## WHAT YOU SHOULD DO
In the entries below, the word "Natural" appears on some lines. Copy each of those lines.

## EXERCISE MATERIALS
# # #

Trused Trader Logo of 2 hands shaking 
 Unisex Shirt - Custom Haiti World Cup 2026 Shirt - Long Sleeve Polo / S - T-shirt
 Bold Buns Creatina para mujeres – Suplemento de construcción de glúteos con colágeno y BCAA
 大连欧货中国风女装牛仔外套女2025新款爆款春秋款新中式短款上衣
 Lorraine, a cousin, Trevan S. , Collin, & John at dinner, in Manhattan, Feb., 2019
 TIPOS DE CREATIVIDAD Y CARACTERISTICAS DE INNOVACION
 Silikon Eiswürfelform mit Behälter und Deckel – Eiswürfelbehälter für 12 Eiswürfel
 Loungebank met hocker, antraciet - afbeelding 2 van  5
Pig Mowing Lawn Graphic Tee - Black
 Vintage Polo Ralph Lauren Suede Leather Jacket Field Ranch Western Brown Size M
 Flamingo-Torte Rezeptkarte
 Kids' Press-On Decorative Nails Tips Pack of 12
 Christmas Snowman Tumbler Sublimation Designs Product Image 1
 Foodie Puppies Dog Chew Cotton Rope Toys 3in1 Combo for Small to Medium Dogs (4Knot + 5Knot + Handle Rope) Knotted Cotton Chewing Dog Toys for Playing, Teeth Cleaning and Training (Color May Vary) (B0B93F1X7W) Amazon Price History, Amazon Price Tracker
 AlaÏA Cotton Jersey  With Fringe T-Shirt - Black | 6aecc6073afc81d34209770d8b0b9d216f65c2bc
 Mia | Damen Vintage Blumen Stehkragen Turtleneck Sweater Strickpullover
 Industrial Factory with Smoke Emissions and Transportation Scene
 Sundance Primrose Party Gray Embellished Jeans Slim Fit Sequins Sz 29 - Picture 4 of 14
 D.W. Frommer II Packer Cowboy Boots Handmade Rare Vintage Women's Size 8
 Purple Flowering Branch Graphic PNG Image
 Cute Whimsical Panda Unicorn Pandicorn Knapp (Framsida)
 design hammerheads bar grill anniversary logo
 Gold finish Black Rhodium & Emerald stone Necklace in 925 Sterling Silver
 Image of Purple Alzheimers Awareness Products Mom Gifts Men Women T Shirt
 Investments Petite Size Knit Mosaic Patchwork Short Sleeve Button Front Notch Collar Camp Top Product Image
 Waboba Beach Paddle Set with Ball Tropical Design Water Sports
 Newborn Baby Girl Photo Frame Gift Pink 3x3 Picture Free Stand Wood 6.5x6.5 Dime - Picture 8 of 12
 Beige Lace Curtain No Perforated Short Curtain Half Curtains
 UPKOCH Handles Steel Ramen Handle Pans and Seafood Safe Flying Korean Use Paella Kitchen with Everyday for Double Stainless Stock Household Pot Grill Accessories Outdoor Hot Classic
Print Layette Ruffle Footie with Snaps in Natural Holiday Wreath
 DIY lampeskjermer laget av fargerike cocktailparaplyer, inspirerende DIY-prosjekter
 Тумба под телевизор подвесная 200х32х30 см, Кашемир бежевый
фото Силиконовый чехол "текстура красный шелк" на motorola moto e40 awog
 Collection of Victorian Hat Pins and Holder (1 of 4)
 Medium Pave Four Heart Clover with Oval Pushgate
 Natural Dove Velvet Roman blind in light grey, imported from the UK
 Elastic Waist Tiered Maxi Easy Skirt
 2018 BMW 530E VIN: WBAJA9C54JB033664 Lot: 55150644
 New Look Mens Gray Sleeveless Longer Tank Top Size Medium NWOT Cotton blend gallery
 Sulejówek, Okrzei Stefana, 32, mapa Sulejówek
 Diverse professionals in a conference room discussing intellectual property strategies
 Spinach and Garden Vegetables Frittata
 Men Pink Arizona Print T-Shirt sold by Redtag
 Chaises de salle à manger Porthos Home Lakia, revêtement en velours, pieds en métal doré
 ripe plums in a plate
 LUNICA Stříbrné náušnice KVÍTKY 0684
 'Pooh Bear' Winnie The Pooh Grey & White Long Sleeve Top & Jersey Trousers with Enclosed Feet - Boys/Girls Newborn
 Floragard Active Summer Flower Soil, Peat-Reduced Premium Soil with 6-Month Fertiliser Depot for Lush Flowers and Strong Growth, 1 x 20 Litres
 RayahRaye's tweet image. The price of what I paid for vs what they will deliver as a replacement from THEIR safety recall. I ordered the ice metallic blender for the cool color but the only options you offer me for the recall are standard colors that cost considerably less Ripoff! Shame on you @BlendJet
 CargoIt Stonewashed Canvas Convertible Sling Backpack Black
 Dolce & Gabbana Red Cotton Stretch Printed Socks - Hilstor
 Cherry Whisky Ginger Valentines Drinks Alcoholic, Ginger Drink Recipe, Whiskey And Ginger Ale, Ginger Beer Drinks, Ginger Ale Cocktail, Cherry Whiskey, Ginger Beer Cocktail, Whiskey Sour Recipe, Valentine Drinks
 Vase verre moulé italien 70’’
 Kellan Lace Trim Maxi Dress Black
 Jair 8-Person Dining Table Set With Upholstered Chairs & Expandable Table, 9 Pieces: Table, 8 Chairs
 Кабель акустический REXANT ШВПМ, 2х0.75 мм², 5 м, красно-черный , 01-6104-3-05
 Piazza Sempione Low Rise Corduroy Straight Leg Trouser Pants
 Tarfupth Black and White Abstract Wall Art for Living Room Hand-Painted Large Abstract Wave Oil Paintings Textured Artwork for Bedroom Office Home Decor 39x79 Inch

# # #

## OUTPUT FOR THIS TASK
Print Layette Ruffle Footie with Snaps in Natural Holiday Wreath
 Natural Dove Velvet Roman blind in light grey, imported from the UK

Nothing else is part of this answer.